Sie prüfte die Bleistiftnotiz auf der Rückseite und nickte.
»Das ist Mr. Lynes Handschrift. Ich sagte Ihnen schon, daß ich als junges Mädchen in seinem Haus lebte. Ich habe sogar eine Zeitlang seinen Haushalt geführt. Aber das Zusammenleben mit ihm war wirklich nicht angenehm.«
»Warum?«
Sie zögerte.
»Er hatte zum Beispiel seit vierzig Jahren dieselben Kaufleute, bei denen er seine Waren bezog.

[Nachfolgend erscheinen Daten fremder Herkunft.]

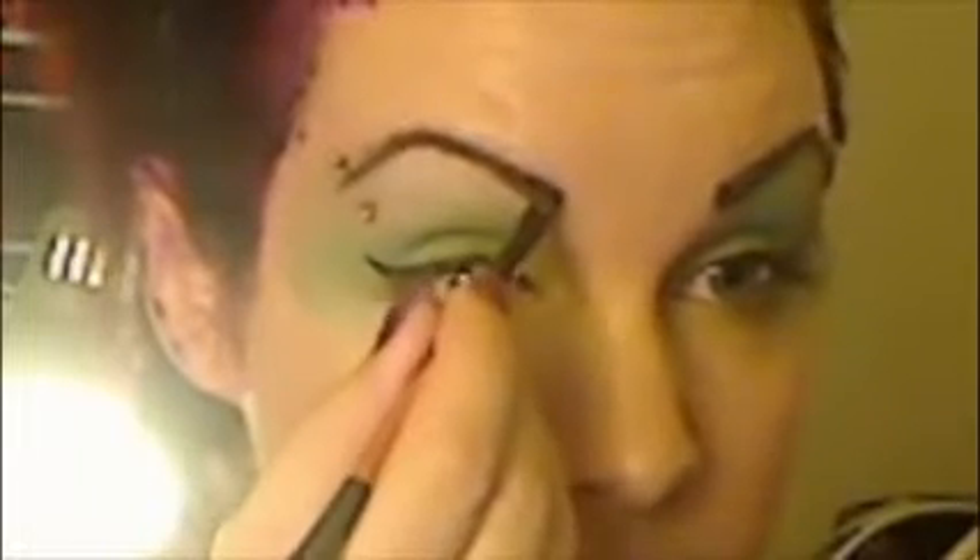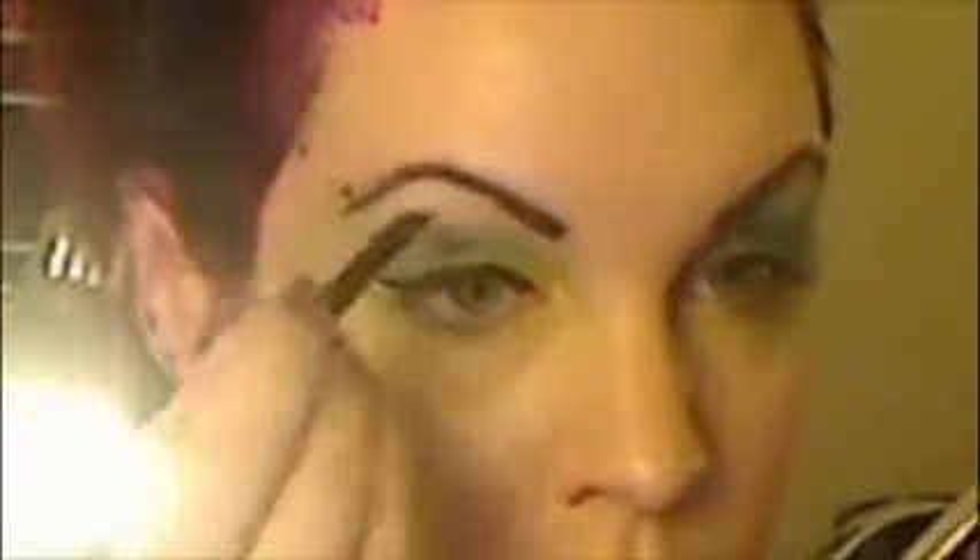For my eyebrows, I actually used dark blue — not dark brown — just for this look, for a funky effect. I don't know why it doesn't show up on camera. My other eyebrow is more accurate than this one; I have trouble with this one due to the eyebrow piercing — it's hard to get that curve.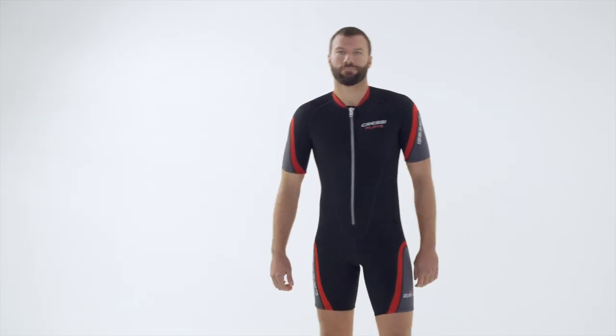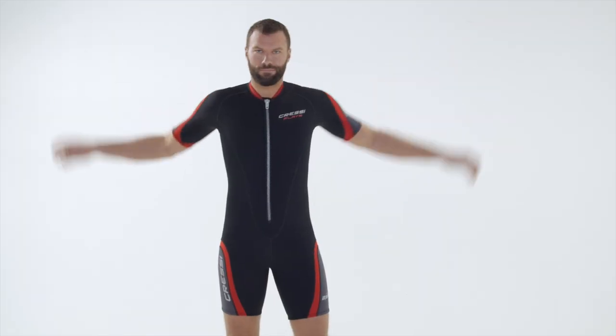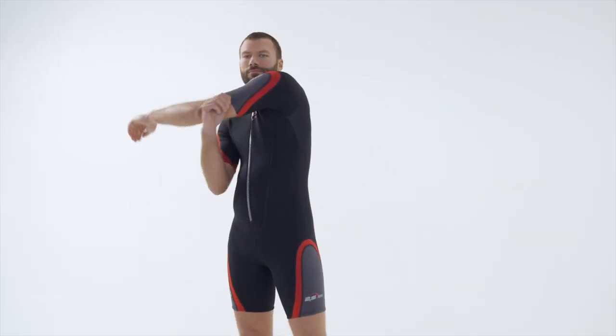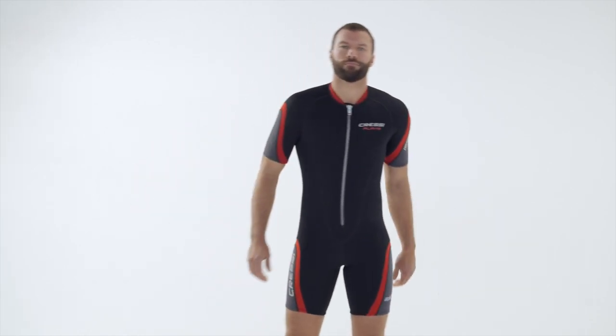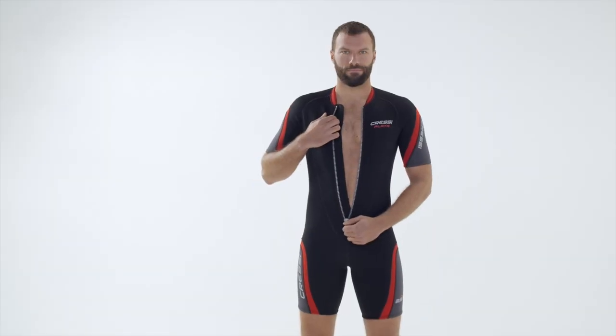Playa is a comfortable one-piece wetsuit that opens on the front. It has short sleeves and legs and is made of a two-millimeter double-lined neoprene. Arms and legs have a very elastic ultra-span neoprene braided seal to minimize water infiltration. The easy-entry front zipper placement makes Playa effortless to put on.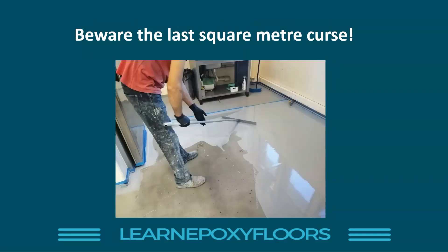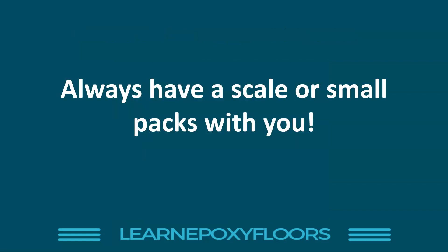Beware of what I call the 'last square meter curse.' This is when you've finished a big flooring project and you've got just one last square meter to coat. You don't want to open a full pack for just one square meter, so people take a little bit of the A component and a little bit of the B component and mix them together — or even worse, add some solvent to make it stretch. What you end up with is that last square meter looking like crap because it doesn't have the right mixing ratio.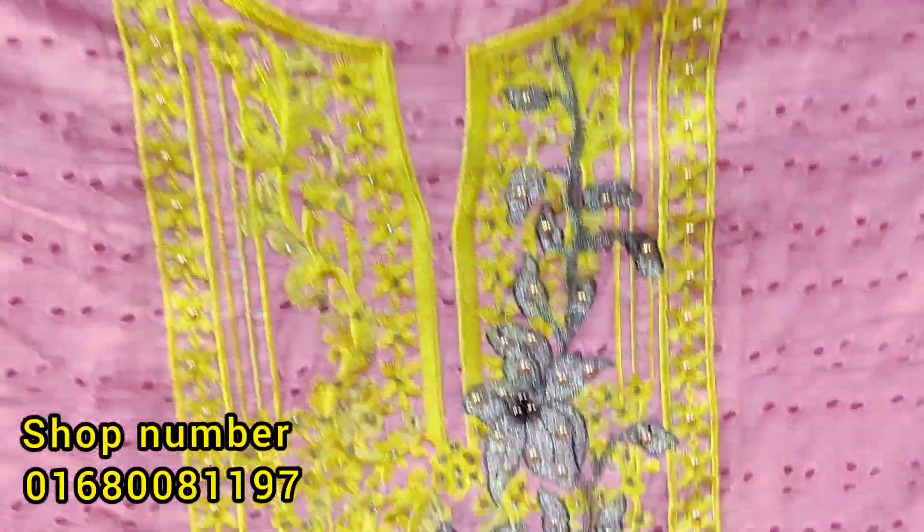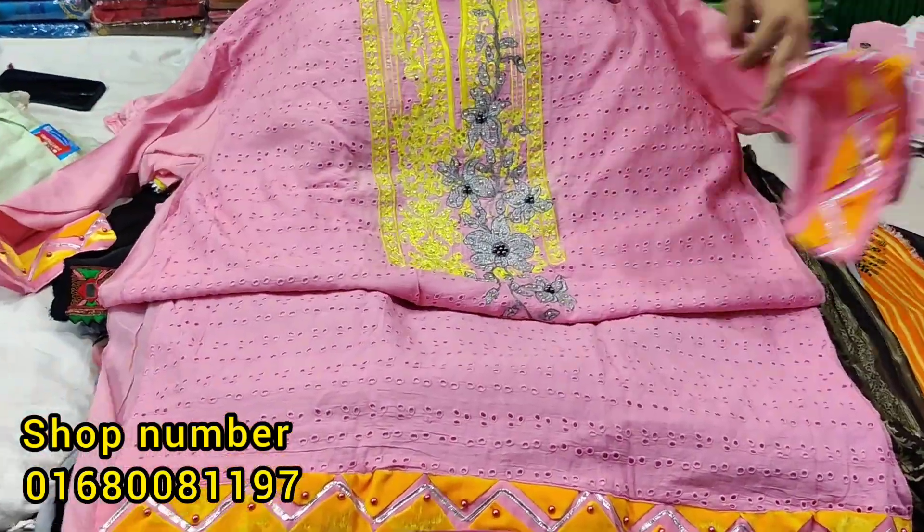This is the pink color, which has a beautiful color. This is the design of the chicken curry work dress.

Er wechselte sie nicht, und trotzdem hatte er dauernd mit ihnen Auseinandersetzungen wegen der Rechnungen.«
Sie nahm den Schlüssel in die Hand und betrachtete ihn.
»Halten Sie es für Selbstüberhebung, wenn ich Ihnen sage, daß ich meiner Meinung nach den Mörder von Mr. Lyne finden kann?«
»Ich würde es für sehr unklug halten, wenn Sie es auf eigene Faust versuchen wollten«, erklärte Smith offen. »Der Mörder ist ein Mensch, mit dem man nicht spaßen kann.«
»Das weiß ich wohl. Aber lassen Sie mir eine Woche Zeit für meine Nachforschungen.«
»Ist es nicht besser, Sie sagen mir jetzt gleich, wen Sie verdächtigen?«
»Nein, dann mache ich mich vielleicht lächerlich, und das möchte ich nicht.«
Smith biß sich auf die Unterlippe.
»Sie können die Sachen nicht behalten -«, begann er.
»Ich brauche sie auch nicht«, entgegnete sie schnell und entschlossen. »Sie meinen doch den Scheck und den Schlüssel? Wäre es aber zuviel verlangt, wenn ich Sie um ein Duplikat des Schlüssels bäte? Sobald ich das dazu passende Schlüsselloch finde, gebe ich Ihnen Bescheid.«
Er sah sie erstaunt an.
»Glauben Sie denn, Sie finden das Schloß?«
Sie nickte.
Surefoot seufzte:
»Solche romantischen Geschichten machen mich krank. Aber ich will Ihren Wunsch gern erfüllen.«
Zwei Tage später erhielt Mary Lane einen nagelneuen Schlüssel und begann ihre Nachforschungen. Sie ahnte nicht, daß sie auf Surefoots Anordnung hin Tag und Nacht von drei Detektiven bewacht wurde.
Am dritten Tag nach der Ermordung Mike Hennesseys stiegen plötzlich die Aktien von Cassari-Petroleum, die in den letzten fünf Jahren zwischen dreiundzwanzig und siebenundzwanzig Schilling geschwankt hatten. Der Nennwert betrug vierzig Pfund pro Aktie. Das Ölfeld lag in Kleinasien, und man hatte immer genug Petroleum gefunden, so daß die Gesellschaft nicht zusammenbrach; aber es war nicht genug, um den vollen Wert der Aktien zu garantieren.